▸ HOW TO COMPLETE THIS TASK
In the data below, find the line with "VENTURE DESIGN Calais" and output it along with every later line, exactly, but not the pictures.

◆ ◆ ◆ ◆ ◆ ◆ ◆

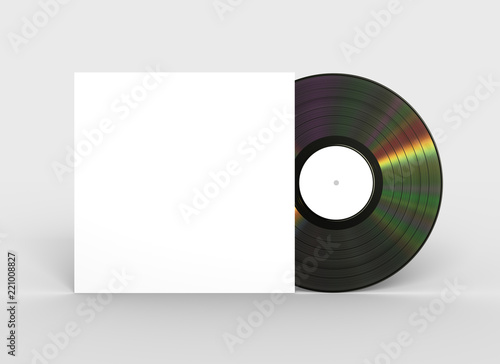 Black Vinyl Record And White Paper Case. 3D Illustration.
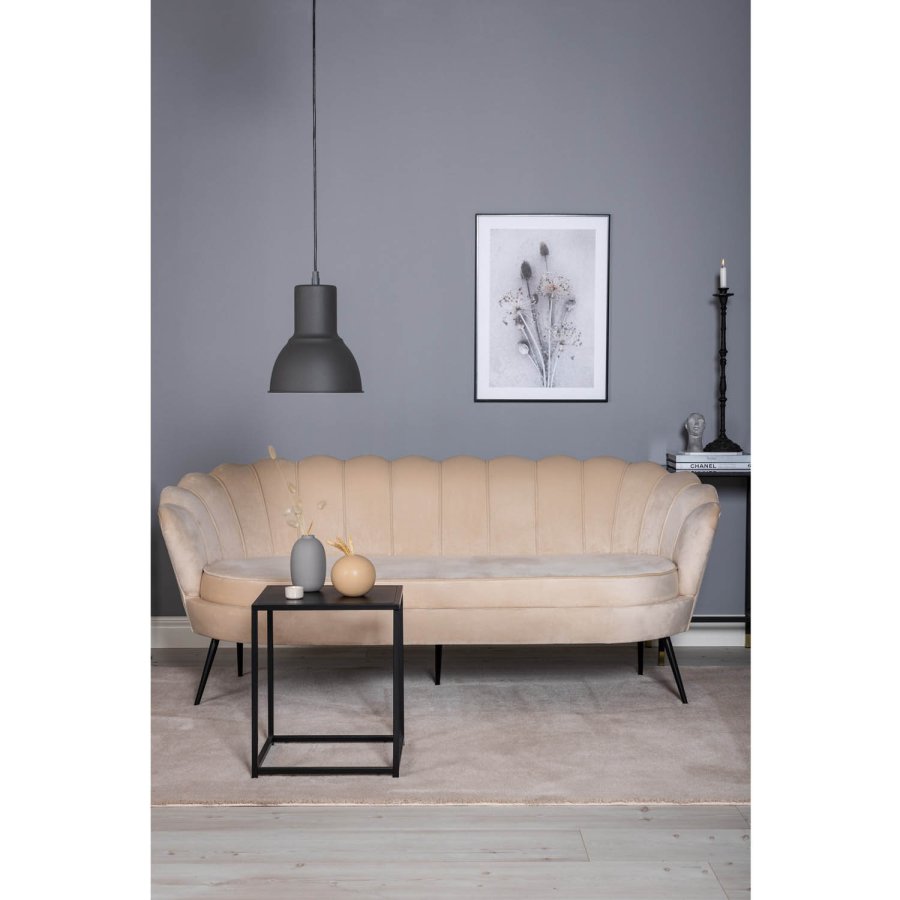 VENTURE DESIGN Calais 3-sits Soffa - Beige Velour och Svart Metall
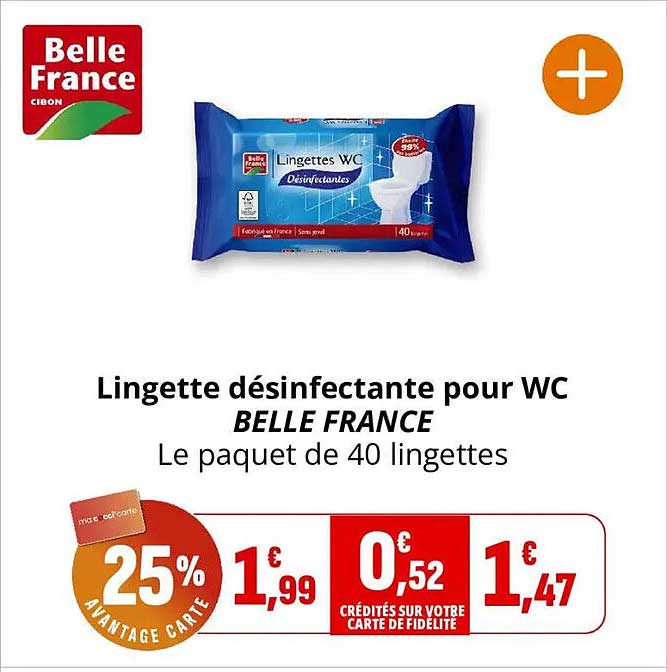 Lingette désinfectante pour WC BELLE FRANCE Le paquet de 40 lingettes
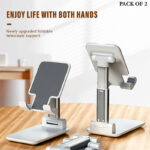 Pack Of 2 Portable Desktop Folding Lifting Bracket Mobile Phone Stand Desk Mounts For Phones - Image 5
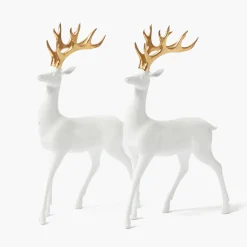 Christmas Decorations<Mrs. Alice Large White Reindeer with Gold Antlers (Pair) - 45cm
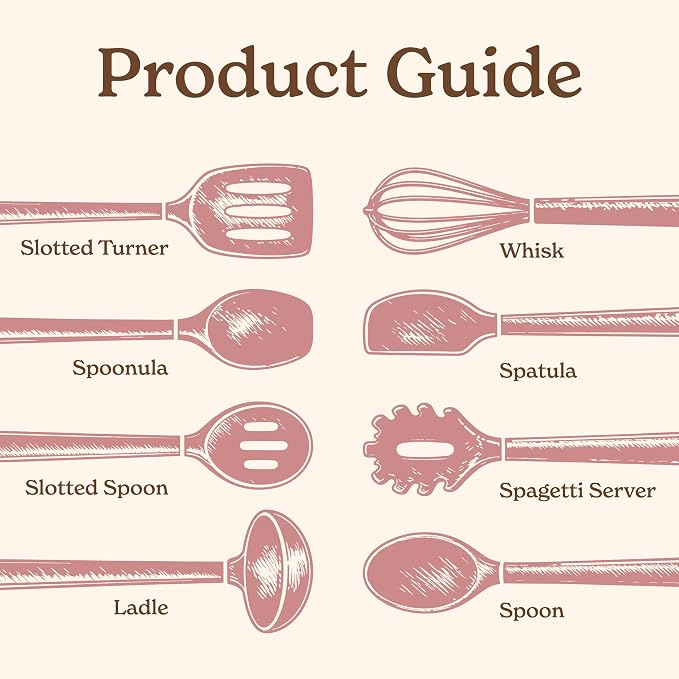 Country Kitchen Non Stick Silicone Utensil Set with Rounded Wood Handles for Cooking and Baking, 8 Piece Set, Pink - Image 3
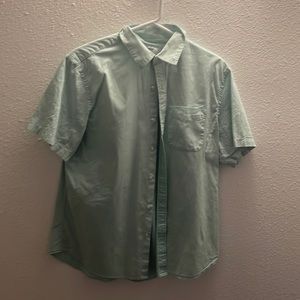 mf navy turquoise button down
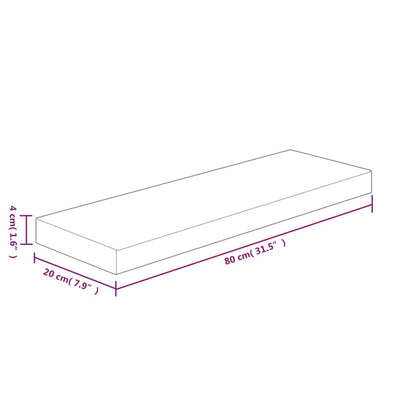 Regalboden 80x20x4 cm Unbehandeltes Massivholz Eiche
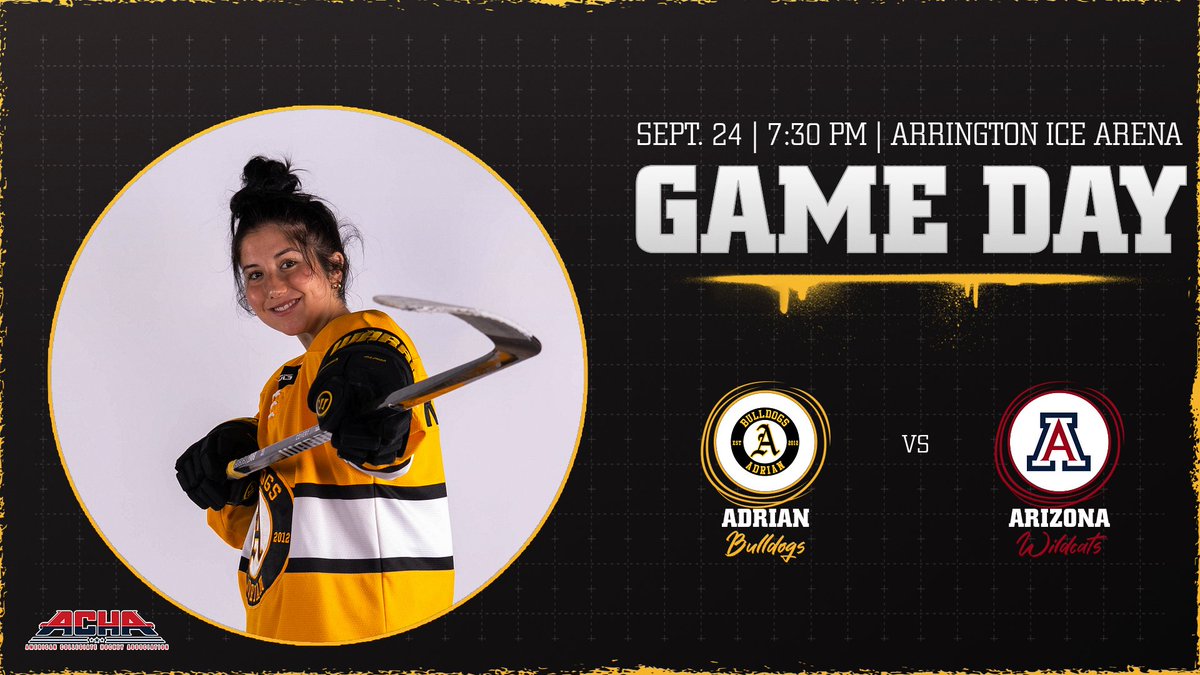 AdrianBulldogs's tweet photo. π¨GAME DAY!π¨
π @AdrianWD1Hockey vs. Arizona
β° 7:30 PM
π Arrington Ice Arena
πΊ https://t.co/uHmQgQy885
#ACHA #GDTBAB https://t.co/pWVOPwCBZK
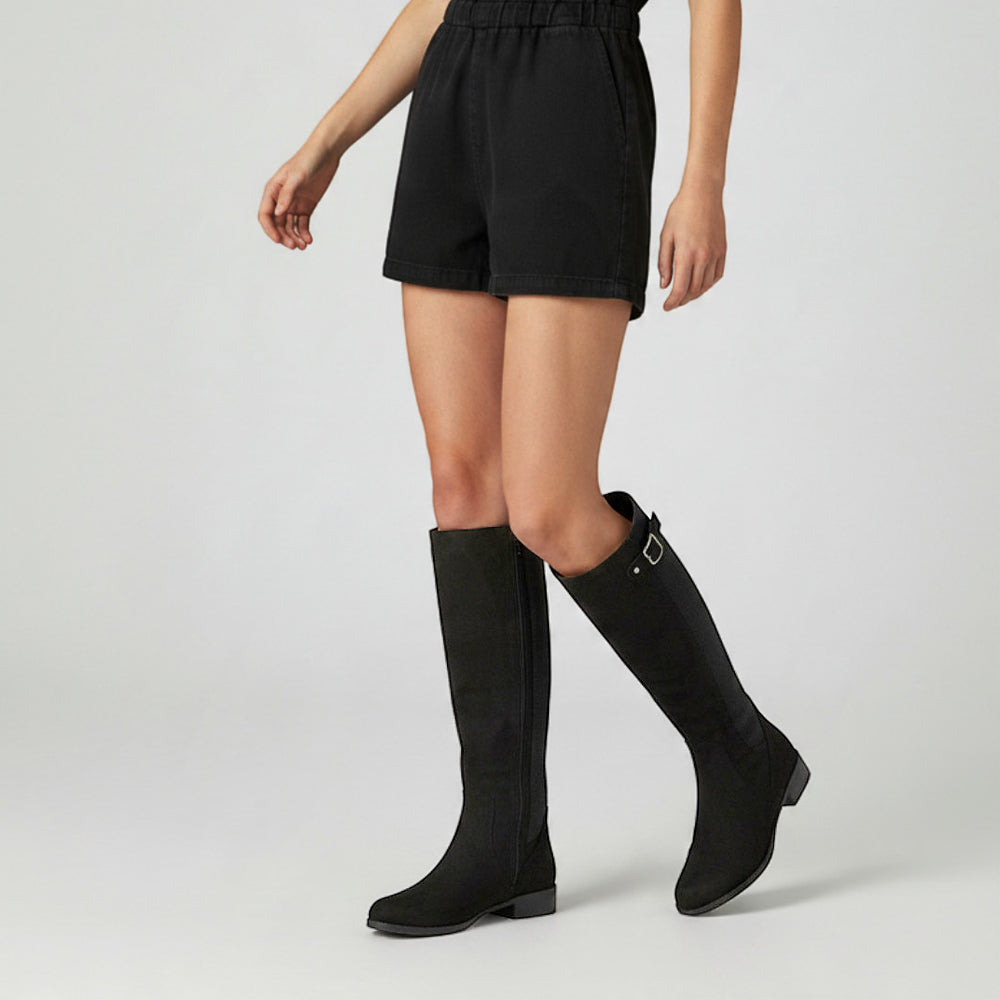 black knee high boots small heel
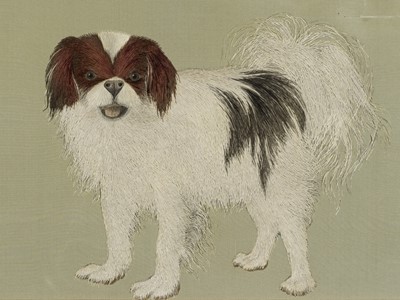 A FINE SILK EMBROIDERED PANEL DEPICTING A JAPANESE CHIN DOG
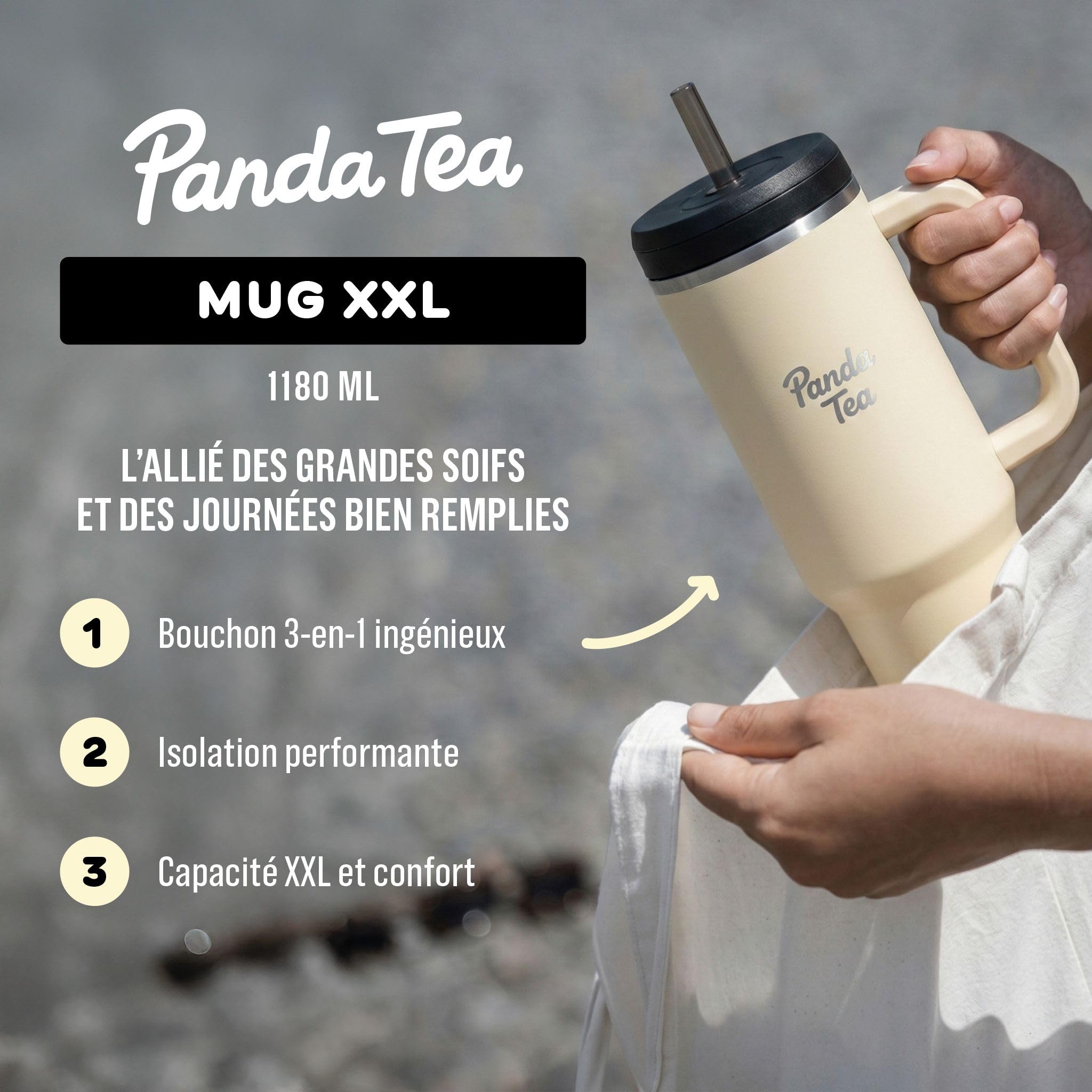Panda Tea - Mug XXL avec Paille - 1180 mL - Bleu - Gourde Inox isotherme avec Paille – Boissons Chaudes & Froides - Bouteille Double Paroi – Gourde Grande Capacité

◆ ◆ ◆ ◆ ◆ ◆ ◆

▸ PROBLEM SOLUTION
 VENTURE DESIGN Calais 3-sits Soffa - Beige Velour och Svart Metall
 Lingette désinfectante pour WC BELLE FRANCE Le paquet de 40 lingettes
 Pack Of 2 Portable Desktop Folding Lifting Bracket Mobile Phone Stand Desk Mounts For Phones - Image 5
 Christmas Decorations<Mrs. Alice Large White Reindeer with Gold Antlers (Pair) - 45cm
 Country Kitchen Non Stick Silicone Utensil Set with Rounded Wood Handles for Cooking and Baking, 8 Piece Set, Pink - Image 3
 mf navy turquoise button down
 Regalboden 80x20x4 cm Unbehandeltes Massivholz Eiche
 AdrianBulldogs's tweet photo. π¨GAME DAY!π¨
π @AdrianWD1Hockey vs. Arizona
β° 7:30 PM
π Arrington Ice Arena
πΊ https://t.co/uHmQgQy885
#ACHA #GDTBAB https://t.co/pWVOPwCBZK
 black knee high boots small heel
 A FINE SILK EMBROIDERED PANEL DEPICTING A JAPANESE CHIN DOG
Panda Tea - Mug XXL avec Paille - 1180 mL - Bleu - Gourde Inox isotherme avec Paille – Boissons Chaudes & Froides - Bouteille Double Paroi – Gourde Grande Capacité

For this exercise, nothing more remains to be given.